BAB 5 Hasil dan Pembahasan

5.2 Pembahasan

Dari hasil penelitian ini, anak usia prasekolah sudah mampu mengungkapkan rasa nyeri yang dirasakan ketika anak dipasang infus. Karena pada usia 4 tahun, anak-anak dapat secara akurat menunjuk area tubuh atau menandai area yang nyeri pada gambar (Savedra, dkk, 1989, 1993; Van Cleve dan Savedra, 1993)

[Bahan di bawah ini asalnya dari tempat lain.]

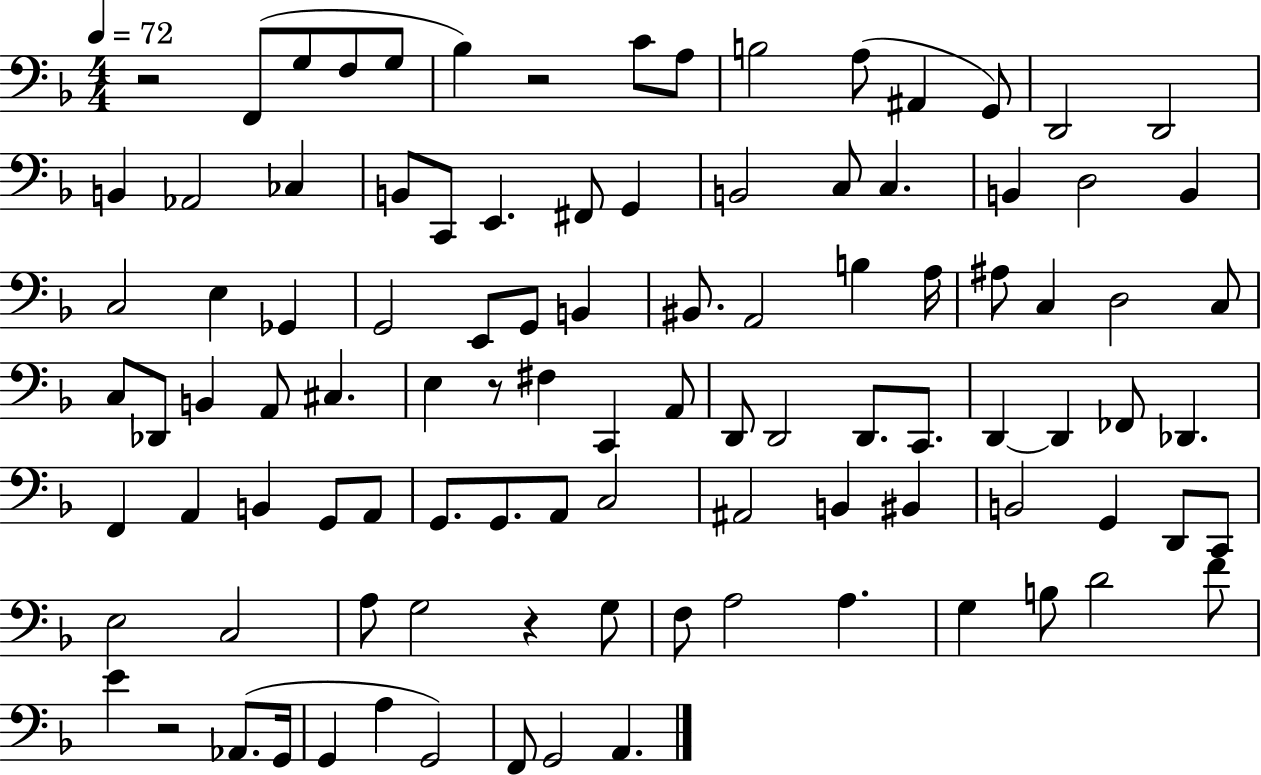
{
  \clef bass
  \numericTimeSignature
  \time 4/4
  \key f \major
  \tempo 4 = 72
  \repeat volta 2 { r2 f,8( g8 f8 g8 | bes4) r2 c'8 a8 | b2 a8( ais,4 g,8) | d,2 d,2 | \break b,4 aes,2 ces4 | b,8 c,8 e,4. fis,8 g,4 | b,2 c8 c4. | b,4 d2 b,4 | \break c2 e4 ges,4 | g,2 e,8 g,8 b,4 | bis,8. a,2 b4 a16 | ais8 c4 d2 c8 | \break c8 des,8 b,4 a,8 cis4. | e4 r8 fis4 c,4 a,8 | d,8 d,2 d,8. c,8. | d,4~~ d,4 fes,8 des,4. | \break f,4 a,4 b,4 g,8 a,8 | g,8. g,8. a,8 c2 | ais,2 b,4 bis,4 | b,2 g,4 d,8 c,8 | \break e2 c2 | a8 g2 r4 g8 | f8 a2 a4. | g4 b8 d'2 f'8 | \break e'4 r2 aes,8.( g,16 | g,4 a4 g,2) | f,8 g,2 a,4. | } \bar "|."
}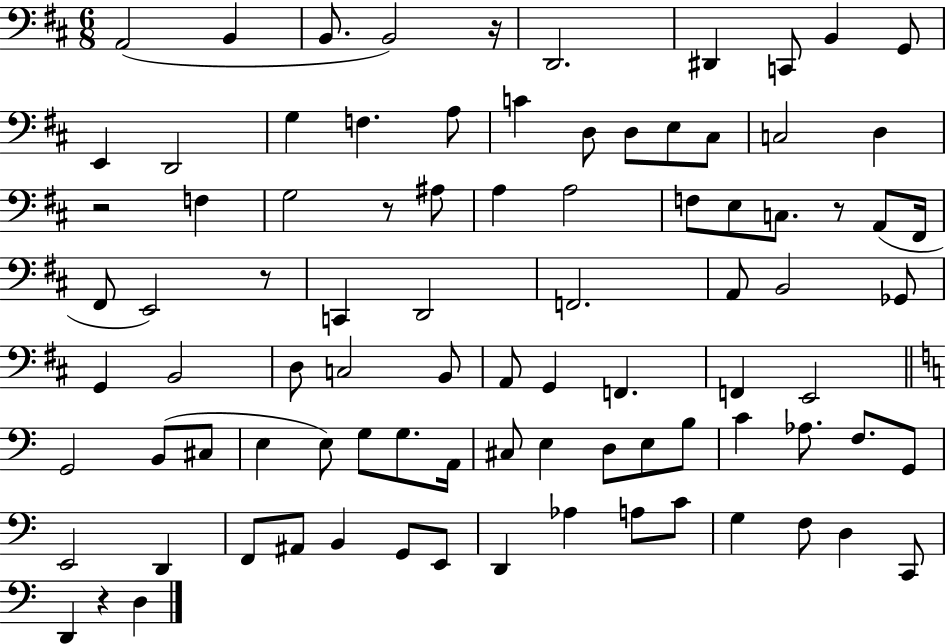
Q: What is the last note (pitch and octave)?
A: D3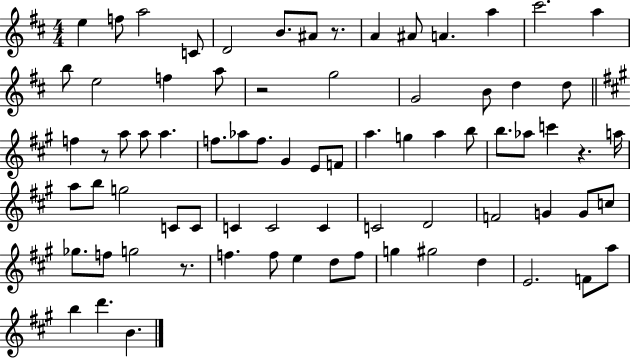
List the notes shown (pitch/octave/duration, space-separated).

E5/q F5/e A5/h C4/e D4/h B4/e. A#4/e R/e. A4/q A#4/e A4/q. A5/q C#6/h. A5/q B5/e E5/h F5/q A5/e R/h G5/h G4/h B4/e D5/q D5/e F5/q R/e A5/e A5/e A5/q. F5/e. Ab5/e F5/e. G#4/q E4/e F4/e A5/q. G5/q A5/q B5/e B5/e. Ab5/e C6/q R/q. A5/s A5/e B5/e G5/h C4/e C4/e C4/q C4/h C4/q C4/h D4/h F4/h G4/q G4/e C5/e Gb5/e. F5/e G5/h R/e. F5/q. F5/e E5/q D5/e F5/e G5/q G#5/h D5/q E4/h. F4/e A5/e B5/q D6/q. B4/q.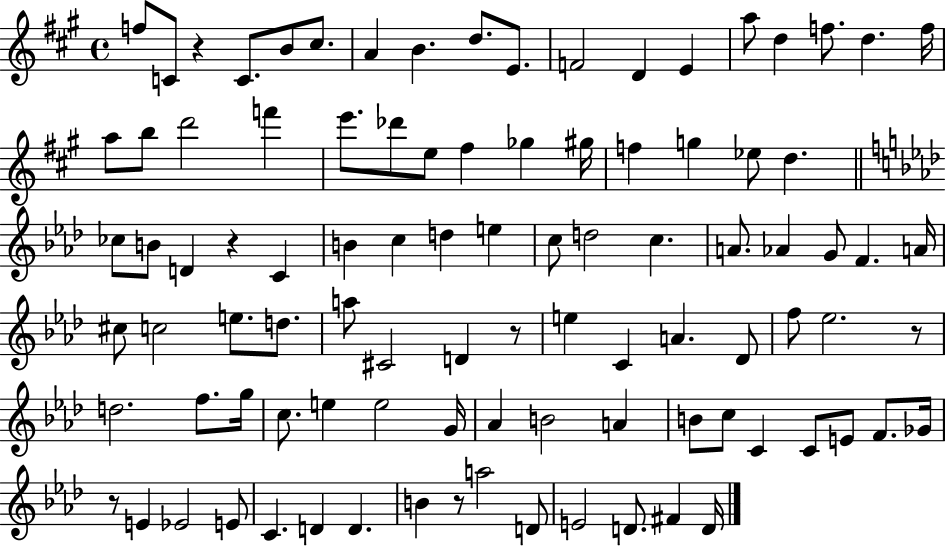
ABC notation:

X:1
T:Untitled
M:4/4
L:1/4
K:A
f/2 C/2 z C/2 B/2 ^c/2 A B d/2 E/2 F2 D E a/2 d f/2 d f/4 a/2 b/2 d'2 f' e'/2 _d'/2 e/2 ^f _g ^g/4 f g _e/2 d _c/2 B/2 D z C B c d e c/2 d2 c A/2 _A G/2 F A/4 ^c/2 c2 e/2 d/2 a/2 ^C2 D z/2 e C A _D/2 f/2 _e2 z/2 d2 f/2 g/4 c/2 e e2 G/4 _A B2 A B/2 c/2 C C/2 E/2 F/2 _G/4 z/2 E _E2 E/2 C D D B z/2 a2 D/2 E2 D/2 ^F D/4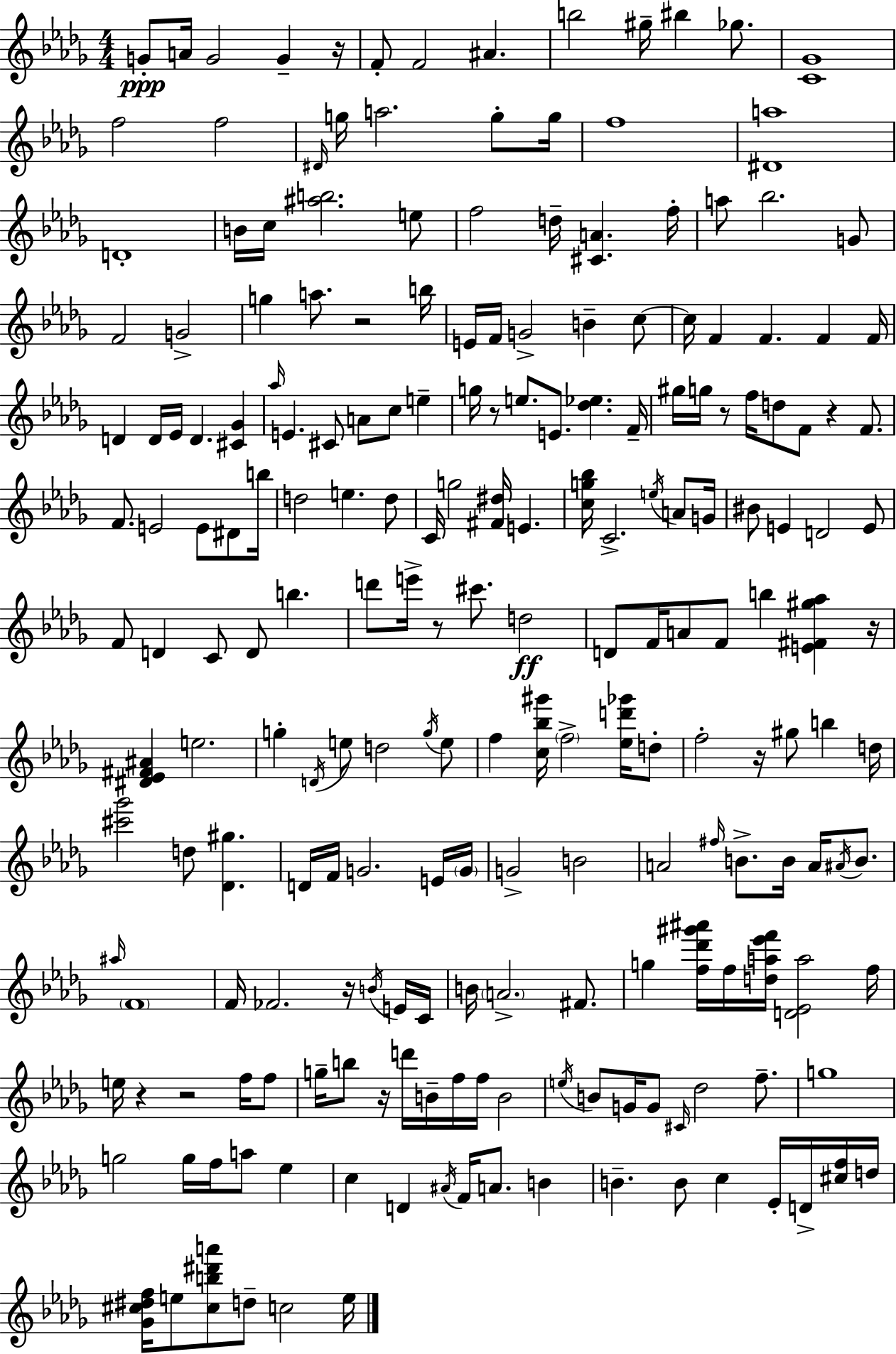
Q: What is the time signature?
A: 4/4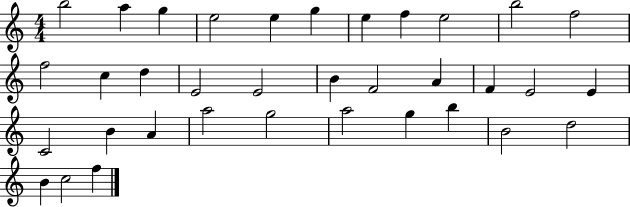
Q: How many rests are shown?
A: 0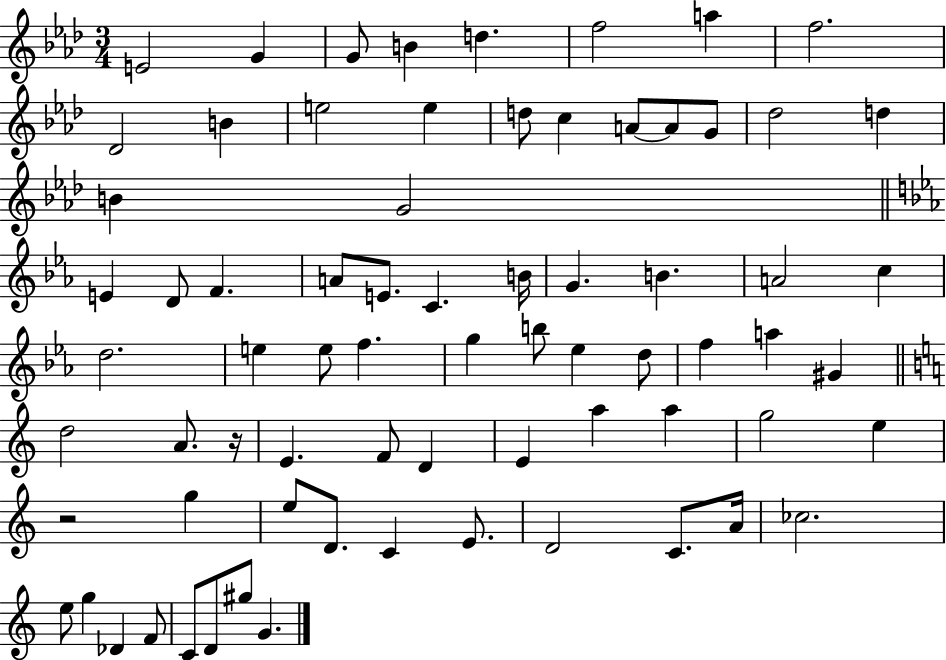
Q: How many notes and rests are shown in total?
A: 72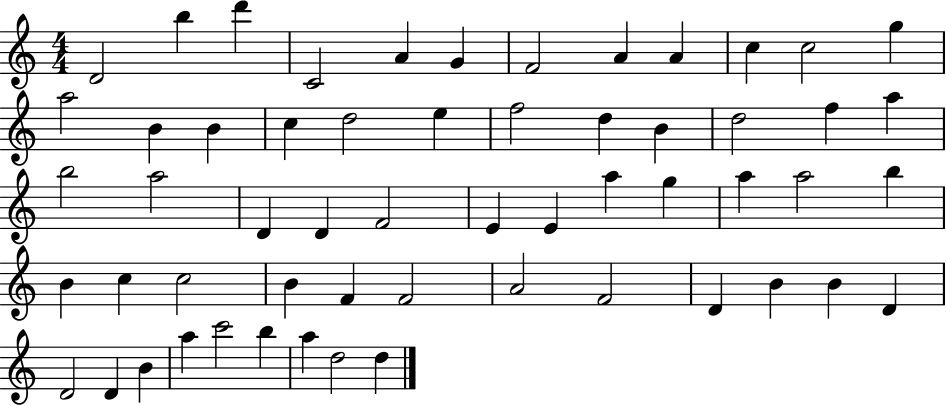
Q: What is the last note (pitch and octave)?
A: D5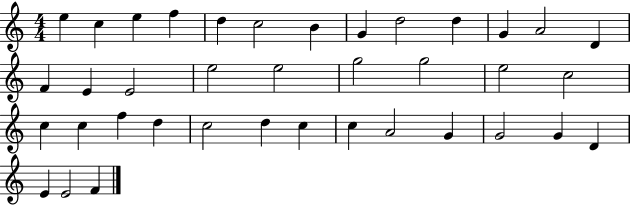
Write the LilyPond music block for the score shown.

{
  \clef treble
  \numericTimeSignature
  \time 4/4
  \key c \major
  e''4 c''4 e''4 f''4 | d''4 c''2 b'4 | g'4 d''2 d''4 | g'4 a'2 d'4 | \break f'4 e'4 e'2 | e''2 e''2 | g''2 g''2 | e''2 c''2 | \break c''4 c''4 f''4 d''4 | c''2 d''4 c''4 | c''4 a'2 g'4 | g'2 g'4 d'4 | \break e'4 e'2 f'4 | \bar "|."
}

Dari hasil penelitian ini, dengan menggunakan pengukuran subjektif dengan skala ukur nyeri Wong-Baker face pain rating scale, anak usia prasekolah sudah mampu memahami dan mampu menggungkapan rasa nyeri yang dirasakan dengan menunjuk skala wajah yang sesuai dengan rasa nyeri yang mereka rasakan. Sebanyak 1 orang anak (2,5%) mengatakan bahwa tidak ada rasa nyeri yang dirasakannya, sebanyak 5 orang anak (12,5%) mengungkapkan rasa nyeri yang di rasakannya termasuk nyeri ringan, sebanyak 3 orang anak (7,5%) menunjukkan gambar yang menggambarkan bahwa nyeri yang diraskan termasuk nyeri sedang, sebanyak 10 orang anak (25%) memilih gambar dengan menunjukkan bahwa nyeri yang dirasakan termasuk kategori nyeri berat, sebanyak 10 orang anak (25%) nyeri yang dirasakannya termasuk nyeri sangat berat, dengan jumlah 11 orang anak (27,5%) mengungkapan rasa nyeri yang di rasakan termasuk dalam kategori nyeri sangat berat sekali. Karena menurut Beyer, Denyes, dan Villaruel, (1992); Wong dan Baker (1988) anak-anak minimal usia 3 tahun sudah dapat memnggunakan skala nyeri, yaitu skala nyeri wajah.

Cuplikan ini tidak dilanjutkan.